If I look at my config, I see that I have 13,302 builders and 13,988 slaves
configured. Each builder has a subset of slaves attached, but we're still doing
6,922,612 checks to see if each slave that's configured for the builder is
configured as a top-level slave. slavenames happens to be a list, so each
check does a full scan of the list to see if the slave exists or not!
A very simple patch fixes this:
diff --git a/master/buildbot/master.py b/master/buildbot/master.py
--- a/master/buildbot/master.py
+++ b/master/buildbot/master.py
@@ -761,19 +761,19 @@ class BuildMaster(service.MultiService):
errmsg = "c['schedulers'] must be a list of Scheduler instances"
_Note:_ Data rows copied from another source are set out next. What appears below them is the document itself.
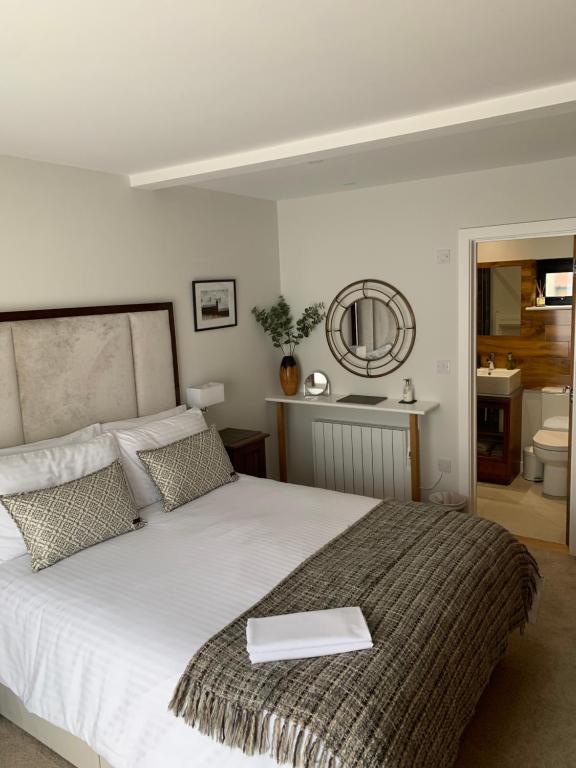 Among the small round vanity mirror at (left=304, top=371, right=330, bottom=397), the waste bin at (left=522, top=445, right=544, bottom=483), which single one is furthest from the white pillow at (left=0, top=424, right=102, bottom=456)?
the waste bin at (left=522, top=445, right=544, bottom=483)

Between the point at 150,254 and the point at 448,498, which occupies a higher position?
the point at 150,254

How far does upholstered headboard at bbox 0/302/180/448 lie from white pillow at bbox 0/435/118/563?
229 mm

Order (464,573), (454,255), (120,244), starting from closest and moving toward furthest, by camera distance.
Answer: (464,573) < (120,244) < (454,255)

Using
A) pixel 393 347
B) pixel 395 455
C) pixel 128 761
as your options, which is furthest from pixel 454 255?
pixel 128 761

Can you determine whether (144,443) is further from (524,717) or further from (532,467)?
(532,467)

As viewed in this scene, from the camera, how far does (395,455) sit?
439 cm

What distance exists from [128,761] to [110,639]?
1.21 ft

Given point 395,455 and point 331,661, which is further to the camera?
point 395,455

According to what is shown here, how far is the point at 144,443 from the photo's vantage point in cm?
328

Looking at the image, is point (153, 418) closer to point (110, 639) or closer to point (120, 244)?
point (120, 244)

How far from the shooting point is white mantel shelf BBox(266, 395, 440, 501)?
163 inches

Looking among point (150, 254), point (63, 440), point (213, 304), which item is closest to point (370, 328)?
point (213, 304)

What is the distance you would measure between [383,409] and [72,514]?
225cm

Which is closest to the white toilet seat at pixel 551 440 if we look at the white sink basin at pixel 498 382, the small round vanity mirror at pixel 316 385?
the white sink basin at pixel 498 382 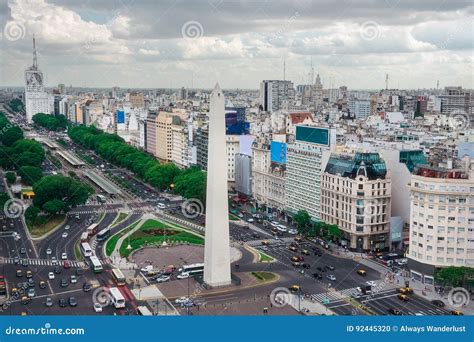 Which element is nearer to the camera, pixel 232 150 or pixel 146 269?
pixel 146 269

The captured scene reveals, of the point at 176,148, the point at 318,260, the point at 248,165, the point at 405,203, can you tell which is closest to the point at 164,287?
the point at 318,260

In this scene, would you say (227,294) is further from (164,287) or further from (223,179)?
(223,179)

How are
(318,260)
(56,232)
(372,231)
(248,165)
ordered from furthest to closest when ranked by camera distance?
(248,165) → (56,232) → (372,231) → (318,260)

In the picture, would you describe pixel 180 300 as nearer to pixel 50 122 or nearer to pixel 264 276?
pixel 264 276

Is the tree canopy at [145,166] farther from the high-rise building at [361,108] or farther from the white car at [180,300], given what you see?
the high-rise building at [361,108]

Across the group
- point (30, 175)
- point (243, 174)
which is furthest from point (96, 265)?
point (30, 175)

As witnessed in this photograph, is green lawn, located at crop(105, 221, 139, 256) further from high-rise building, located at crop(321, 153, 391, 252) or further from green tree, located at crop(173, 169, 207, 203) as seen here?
high-rise building, located at crop(321, 153, 391, 252)

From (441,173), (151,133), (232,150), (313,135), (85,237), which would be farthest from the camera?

assert isinstance(schedulers, (list, tuple)), errmsg
for s in schedulers:
assert interfaces.IScheduler(s, None), errmsg
assert isinstance(status, (list, tuple))
for s in status:
assert interfaces.IStatusReceiver(s, None)
- slavenames = [s.slavename for s in slaves]
+ slavenames = set(s.slavename for s in slaves)
# convert builders from objects to config dictionaries
builders_dicts = []
for b in builders:
if isinstance(b, BuilderConfig):
builders_dicts.append(b.getConfigDict())
elif type(b) is dict:
builders_dicts.append(b)
Now our checks are into a set instead of a list, which is an O(log(n))
operation instead of O(n). Let's re-run our profile with this patch:
File: /home/catlee/.virtualenvs/buildbot-mozilla-080/lib/python2.6/site-packages/buildbot-0.8.2_hg_b4673f1f2a86_default-py2.6.egg/buildbot/master.py
Function: loadConfig at line 621
Total time: 109.885 s
Line # Hits Time Per Hit % Time Line Contents
==============================================================
621 @profile
622 def loadConfig(self, f, check_synchronously_only=False):
623 """Internal function to load a specific configuration file. Any
624 errors in the file will be signalled by raising an exception.
625
626 If check_synchronously_only=True, I will return (with None)
627 synchronously, after checking the config file for sanity, or raise an
628 exception. I may also emit some DeprecationWarnings.
629
630 If check_synchronously_only=False, I will return a Deferred that
631 fires (with None) when the configuration changes have been completed.
632 This may involve a round-trip to each buildslave that was involved."""
633
634 1 30 30.0 0.0 localDict = {'basedir': os.path.expanduser(self.basedir)}
635 1 13 13.0 0.0 try:
636 1 46268025 46268025.0 42.1 exec f in localDict
637 except:
638 log.msg("error while parsing config file")
639 raise
<snip>
785 13303 56199 4.2 0.1 for b in builders:
786 13302 60438 4.5 0.1 if b.has_key('slavename') and b['slavename'] not in slavenames:
787 raise ValueError("builder %s uses undefined slave %s" \
788 % (b['name'], b['slavename']))
789 6935914 27430456 4.0 25.0 for n in b.get('slavenames', []):
790 6922612 29028880 4.2 26.4 if n not in slavenames:
791 raise ValueError("builder %s uses undefined slave %s" \
792 % (b['name'], n))
793 13302 1286628 96.7 1.2 if b['name'] in buildernames:
794 raise ValueError("duplicate builder name %s"
795 % b['name'])
We're down to 25% of the runtime for this check now. If we apply the same treatment to a few of the other data structures here, we get the total time for test-masters down to 45 seconds!
I've landed resulting patch into our repo. I encourage you to upgrade!